In the commercial arena, Texas has attracted major corporate relocations and expansions, with Toyota and State Farm Insurance having set up shop in Plano and several petroleum and oil-service interests gravitating to Houston.

The oil and gas sector has stimulated considerable design and construction activity in both Texas and Louisiana, though the decline in prices has curtailed activity in the first quarter of 2015.

Nevertheless, Texas has benefitted from new investments in drilling, particularly in the Eagle Ford formation in South Texas and the Permian Basin in West Texas, Simonson says.

Additionally, both Texas and Louisiana have seen major investments in downstream oil and gas transport, including new pipelines, rail lines, terminals and barge facilities.

Large petrochemical plants and gas-fired powerplants also have broken ground in both states. Though the first quarter of 2015 proved weak in many key regional markets, no one is pushing the alarm button yet.

"Construction-related employment in Texas fell on a month-over-month basis in January 2015 after 29 consecutive months without a decline," says Basu, who notes that employment in Texas fell 0.7% in the first quarter of 2015, the worst first-quarter performance since 2009. Louisiana experienced a steeper decline in the first quarter, 2.6%, the worst first-quarter performance since 2002.

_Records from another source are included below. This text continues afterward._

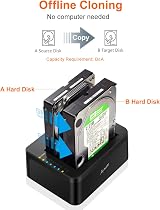 Alxum USB-C External Hard Drive Docking Station 2 Bay SATA HDD SSD Offline view 5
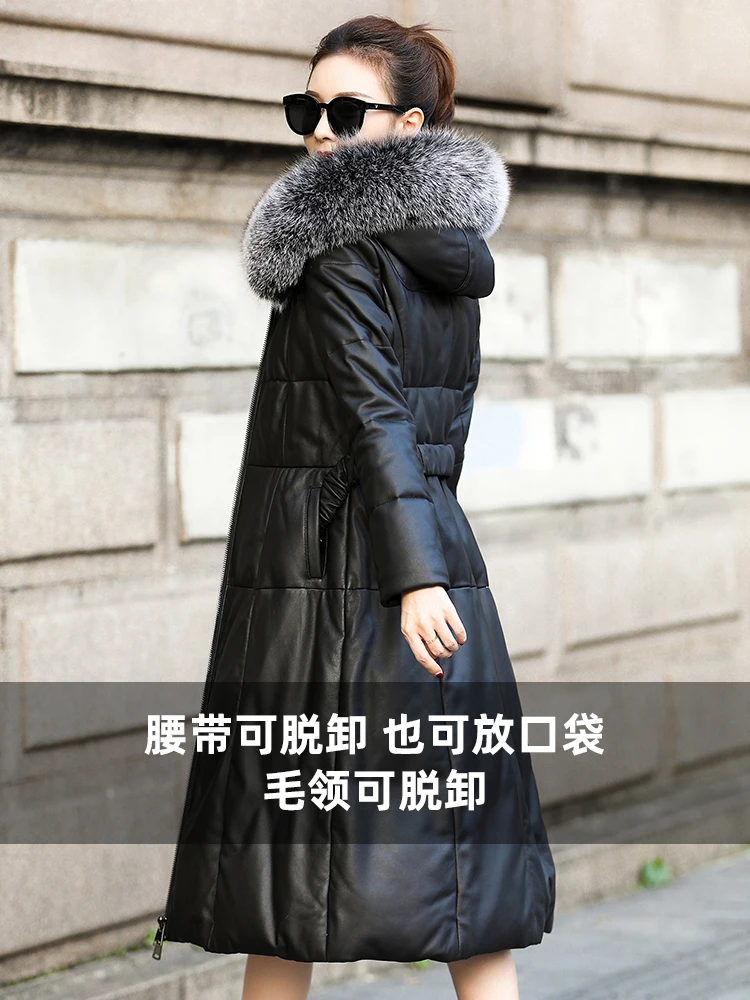 Leather Down Jacket Women's Big Size  Long Sheepskin 2020 Winter New Waist Leather Slim Hooded Jacket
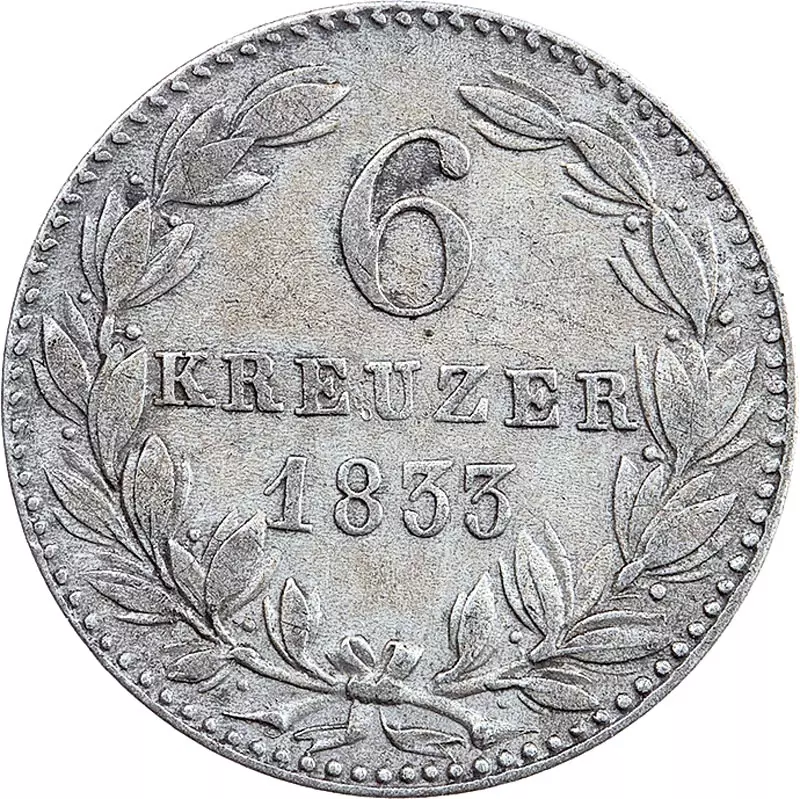 6 Kreuzer Nassau Herzog Wilhelm 1831 - 1837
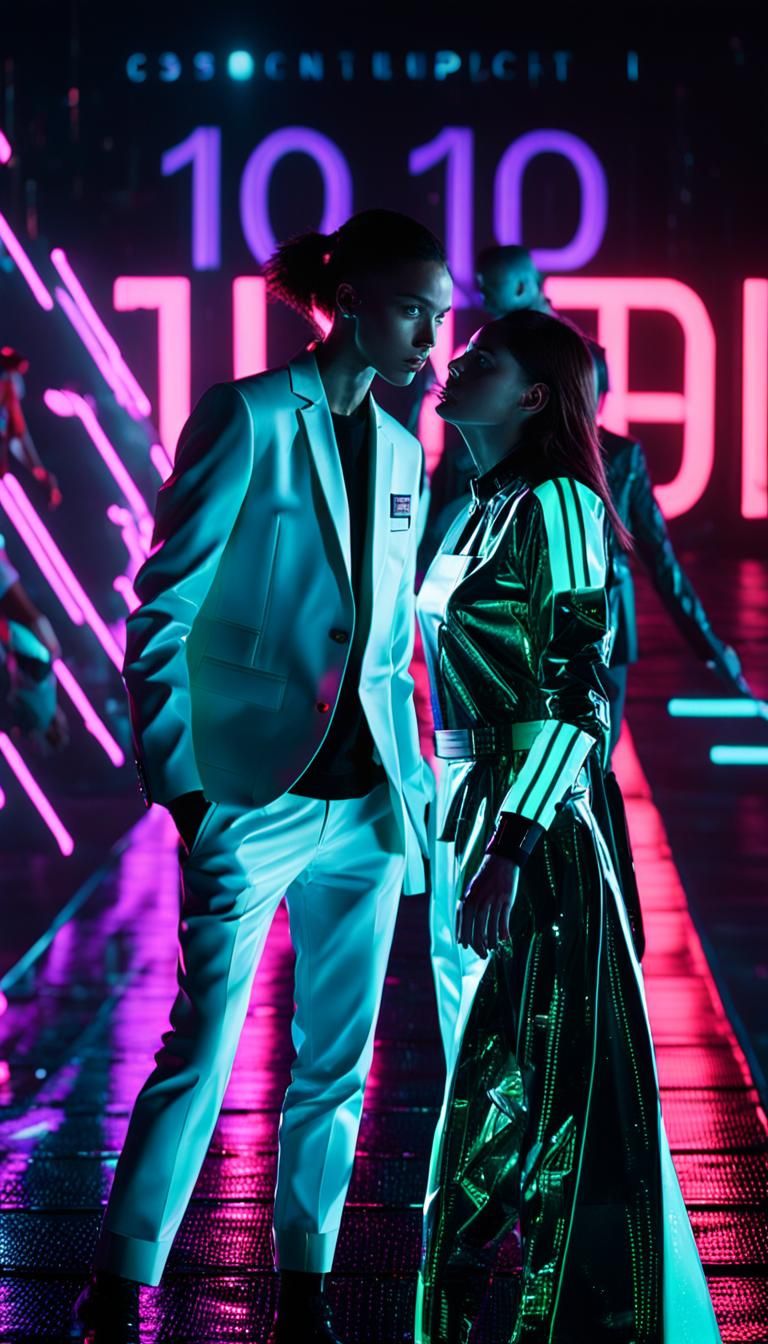 Neon Runway: Sci-Fi Fashion in Cyberpunk Style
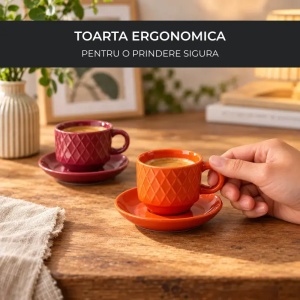 Set 6 Cesti de espresso cu farfurie, colectia Palmanova Magma multicolor, ceramica, 75 ml - Img 7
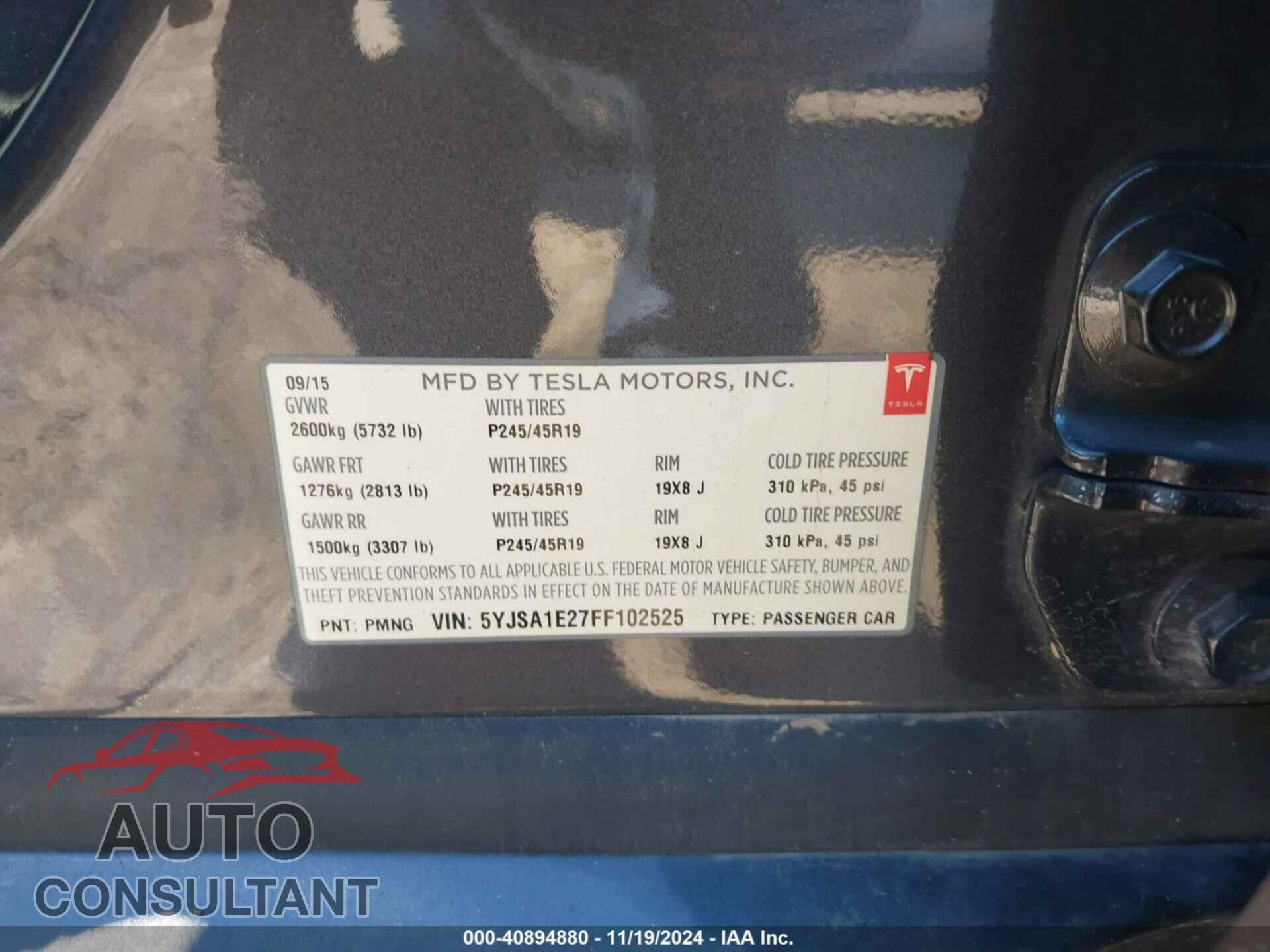 TESLA MODEL S 2015 - 5YJSA1E27FF102525
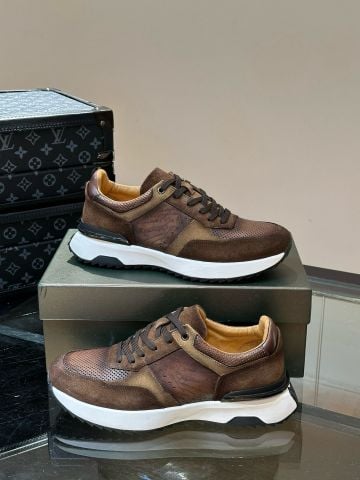 GIÀY SNEAKER NAM B L T LOW-TOP PHỐI DA NHẬP KHẨU, HỌA TIẾT SCRITTO SIGNATURE
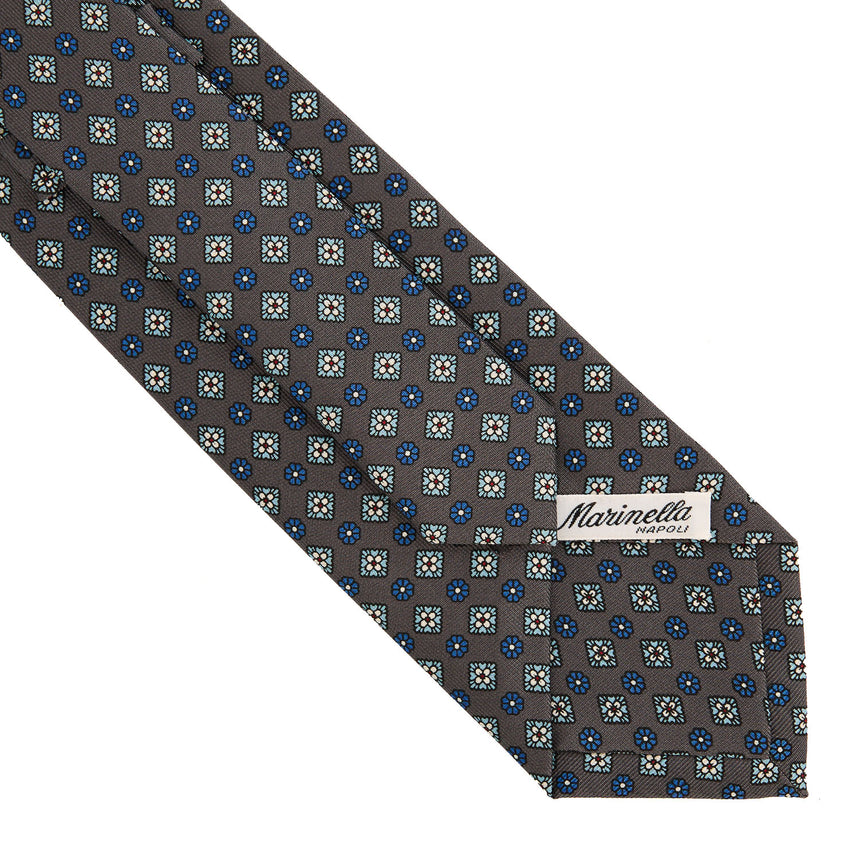 DARK GREY SARTORIAL PRINTED SILK TIE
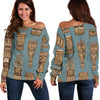 Tiki Print Pattern Women Off Shoulder Sweatshirt-grizzshop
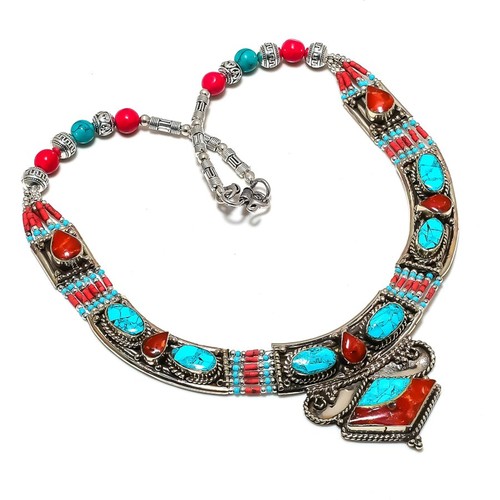 Collana corallo rosso - collana, turchese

"In part, declines reflect a broader economic malaise," says Basu. "Consumers are not spending extra dollars as expected. A robust recovery in regional construction activity will depend heavily on the emergence of higher energy prices, and there is no reason to believe that will happen during the current calendar year."

While the drop in oil prices has challenged employment in oil-services industries, decreased state revenue and slowed some oil-related construction, it also has brought benefits to the region, particularly in the area of construction employment, Simonson says.

Layoffs in the oil sector and project cancellations may have made it easier for contractors to hire workers to complete projects that otherwise would have competed for the same work force, Simonson says.

Although New Orleans has experienced a drop in construction employment, other metro markets in Louisiana and Texas are adding workers.